Nudes, ghosts and activist portraits collide at NYC photo showcase

Nudes, ghosts and activist portraits collide at NYC photo showcase

The Park Avenue Armory becomes a sprawling gallery of visual experimentation this week as Aipad: The Photography Show opens its doors to more than 70 galleries. The exhibition, running April 22-26, pulls together work spanning decades and continents, from Bill Brandt's provocative 1952 nudes to contemporary pieces that blur photography with embroidery, oil paint and found objects.

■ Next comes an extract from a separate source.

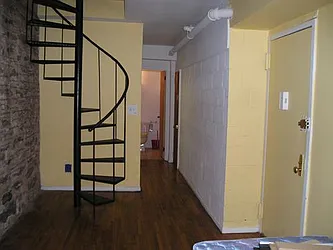 Rented by Eric Goodman Realty Corp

Brandt's influence hovers over the collection. The British photographer's career arc, which began in Vienna in 1927 when he sought treatment for a lung condition, took him into literary circles and wartime documentation before pivoting toward his most recognized body of work: transforming the female form through radical angles and framings. His legacy appears alongside artists pushing photography into entirely new territories.

Some works deconstruct photography itself. Andy Mattern's "ghost" series emerges from the back of forgotten photographs pressed against surfaces, creating accidental double exposures that Mattern describes as evidence of pictures reproducing themselves. Bill Armstrong's blurred color abstractions push the opposite direction, photographed so out of focus that his camera's infinity setting becomes the subject.

Gregory Crewdson represents photography as full-scale theatrical production, orchestrating lighting crews and actors to create psychologically loaded scenes. His large-format work has the weight of cinema compressed into still images. Keith Carter works in the opposite vein, capturing dreamlike moments of vernacular life that distill essence rather than spectacle.

Gender and identity shape much of what's on display. Zanele Muholi documents South Africa's LGBTQ+ communities with the precision of a visual activist, while Pia Paulina Guilmoth channels her trans working-class experience and Maine riverside life into photographs that collapse the personal and the transcendent. Tania Franco Klein examines the anxieties of online existence through self-portraiture. Joan Lyons challenges photography's traditional conventions through a feminist lens drawn from daily observation.

Mixed-media approaches abound. Eloïse Labarbe-Lafon hand-colors black-and-white prints with oil paint applied by brush or fingertip. Sissi Farassat blends photography with embroidery and beadwork, treating images as objects to be layered and embellished. Rania Matar, born in Lebanon and now based in the US, centers women's experiences across adolescence and adulthood.

The exhibition draws internationally. Lee Hsu-Pin from Taiwan explores mountains he had never encountered. Miguel Rio Branco brings Brazilian social critique and political commentary through Magnum Photos. Julio Le Parc interrogates the boundary between art and society using abstraction and audience questionnaires.

Landscape photographers stake their claim too. Ruth Thorne-Thomsen evokes mythology and psychology through images of alternative worlds. Patty Carroll stages saturated tableaux of identity and domestic life. Lenard Smith combines photography with assemblage and field recording to explore architecture as an ongoing mediation of experience.

Author James Rodriguez: "Photography's doing more interesting work when it stops trying to document the world and starts treating the medium itself as the playground."